She didn’t know how long she stayed there, feeling dejected, but by the time she finally felt half-ready to return the tablet and go to bed, dusk had fallen. The base’s lights had changed from fluorescent blue-white to soft, dim yellow, and when she looked out the window, she was greeted with a darkening twilight sky. Reluctantly, she stood, fully intending to go back to her father and put the whole thing out of hr head. But as she rose from the bench, she saw a distant, familiar silhouette making its way down the corridor, and she froze.

“Hello,” Acidalia Cipher said. Her voice was smooth and silvery, effortlessly so, and Cressida felt like a complete moron when she blurted out a thick, rushed, “Salvete!” in response. It’s salve, she chided herself not even a nanosecond later—salvete was the plural form, and she was speaking to one person. And, according to Eleutherian custom, ave was the more appropriate greeting for a woman of higher status, anyway.

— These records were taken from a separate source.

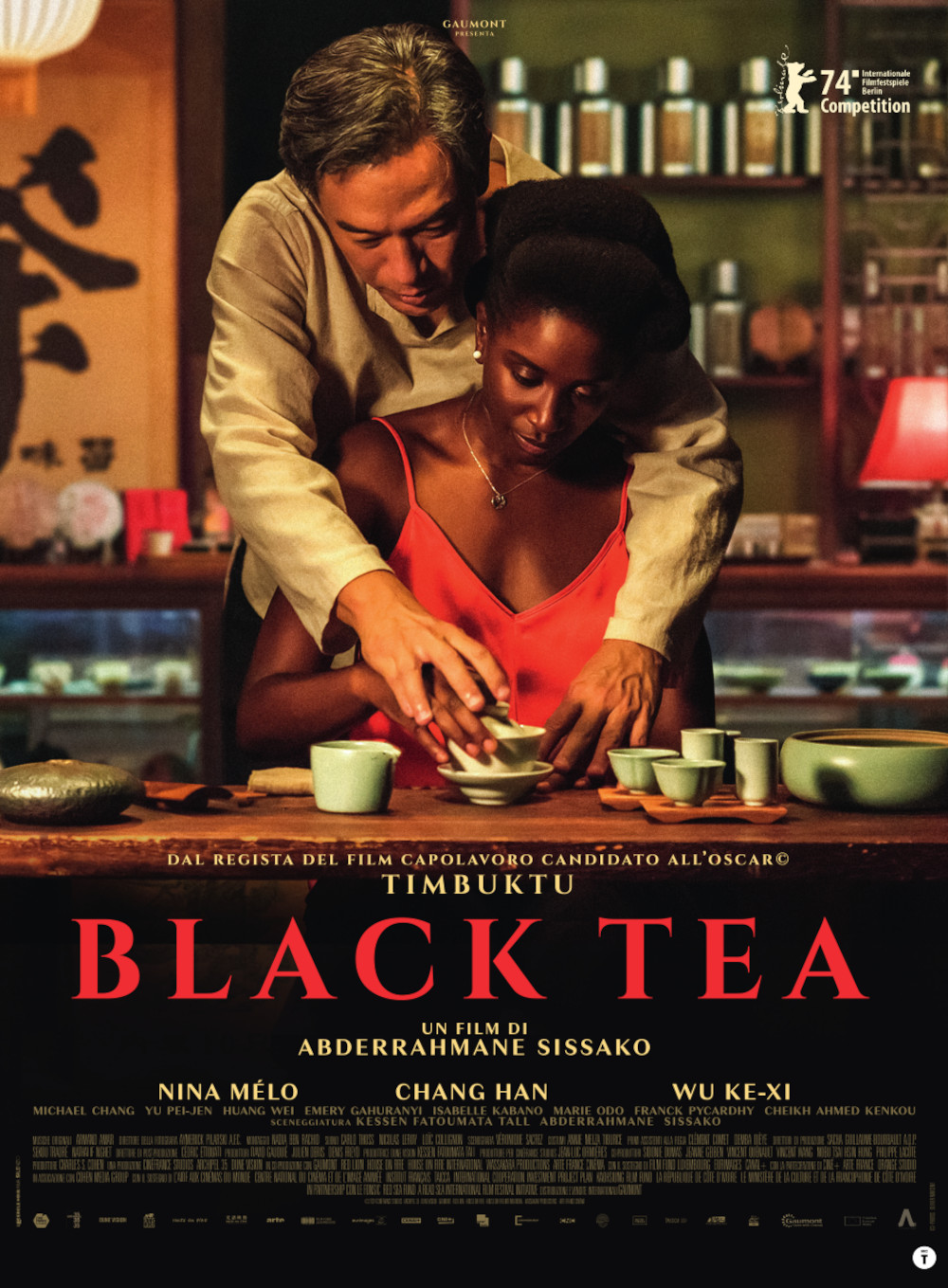 locandina: Black tea | v.o. sott. ita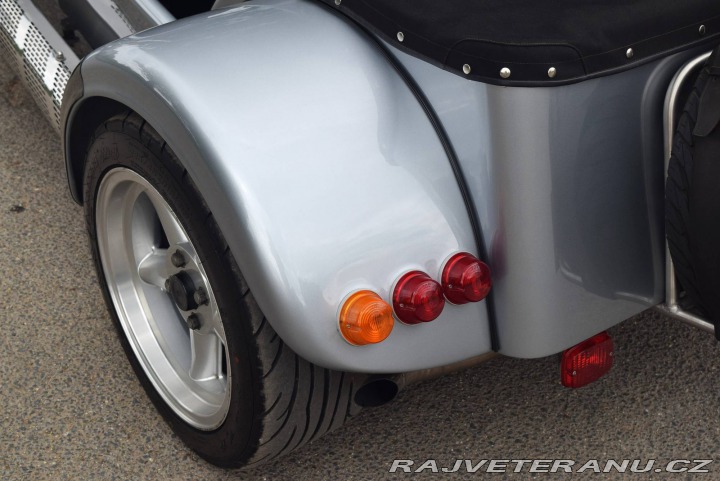 Ostatní značky Ostatní modely VM 77 (Caterham) 2000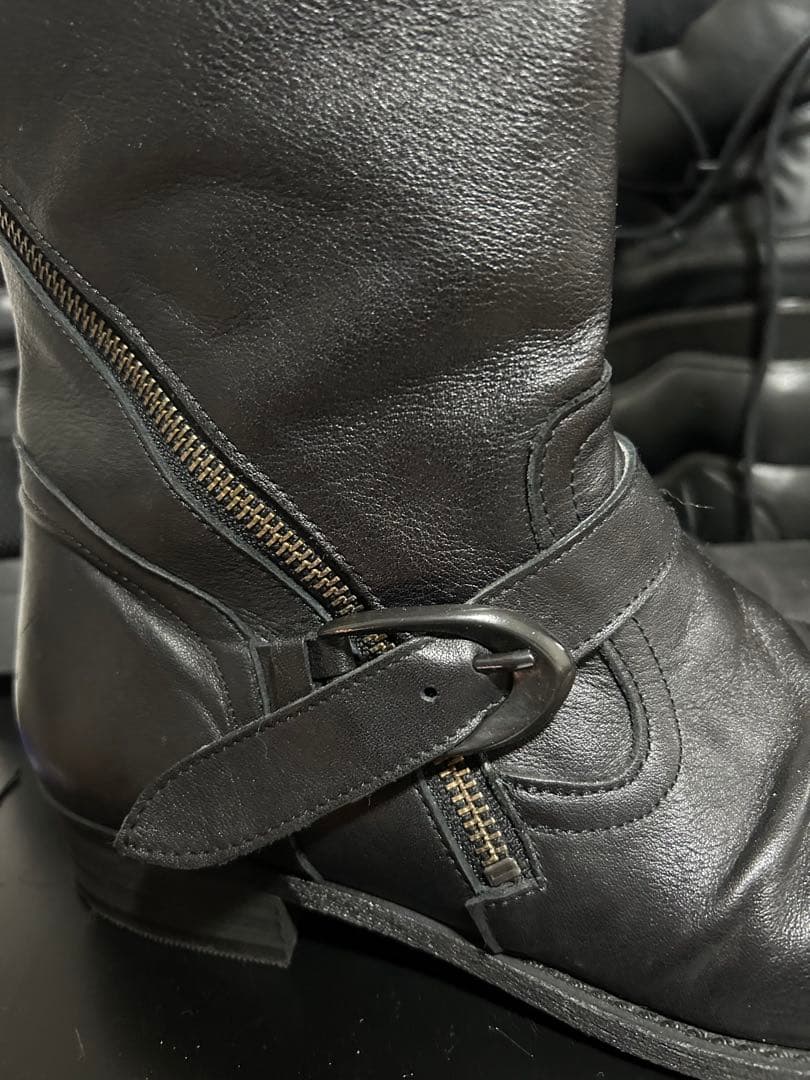 FUGA エンジニアブーツ お兄系 archive - メルカリ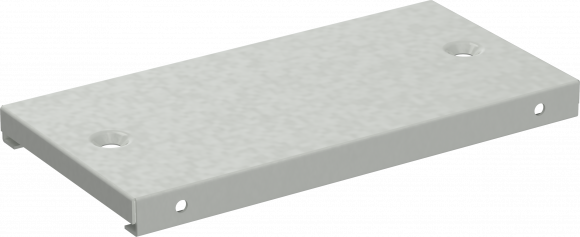 IEK FORMAT Панель цоколя 100х400мм IP54 IEK, YKM40D-FO-PC-010-040-54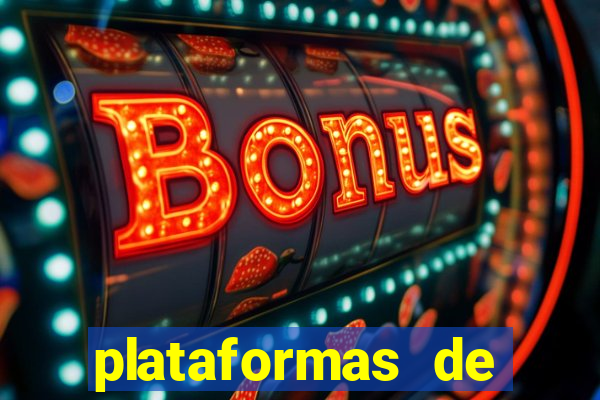 plataformas de jogos que pagam por cadastro sem deposito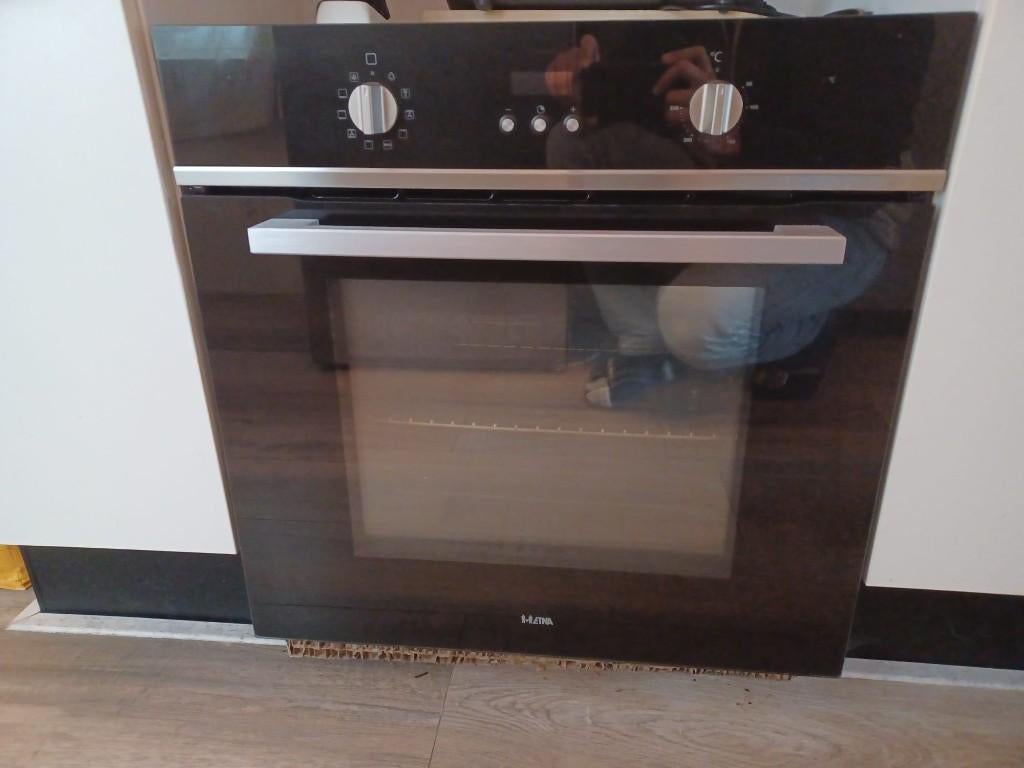 Oven ETNA, Witgoed en Apparatuur, Ovens, Zo goed als nieuw, Oven met grill, Vrijstaand, Ophalen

Acidalia smiled, though there was no happiness in her eyes. “I’m fluent in Anglican,” she said. “We can use that, if you’d be more comfortable.”

Cressida struggled for a second to come up with a Latin phrase along the lines of no, it’s okay, I don’t mind, but she couldn’t think of a way to express that, and ultimately decided that Acidalia was right and she should just stick to English. Her ineptitude at Latin had probably just cost her some social points, but she hoped that being in the Imperatrix Ceasarina’s presence would mitigate that at least a little. “Yeah, um,” she stammered after an awkward pause. “I would.”

“I’ll keep that in mind, then.” Acidalia sat down on the bench with surprising force—she didn’t sit so much as she fell, her body collapsing of its own accord. Grimacing, she glanced down at her feet, but they were still concealed by her skirts.

“Um, do you need a medic?” Cressida asked nervously.

Acidalia shook her head. “I’ll be fine. Lightworlder bones.”

“Huh,” Cressida said. “I’ve never had that problem. I guess I’m Terran enough not to.”

“Then I suppose you could say you’re more Eleutherian than the empress of Eleutheria,” Acidalia remarked. “Ironic, isn’t it?”

“Yeah. Um…” Cressida wasn’t sure what she should say, or if she should say anything at all. Her voice, already tiny, trailed off into an aimless sentence. Then she was hit with a realization: if there was anybody on this planet who had the authority and the genome to access classified information about her family, it was the woman right in front of her.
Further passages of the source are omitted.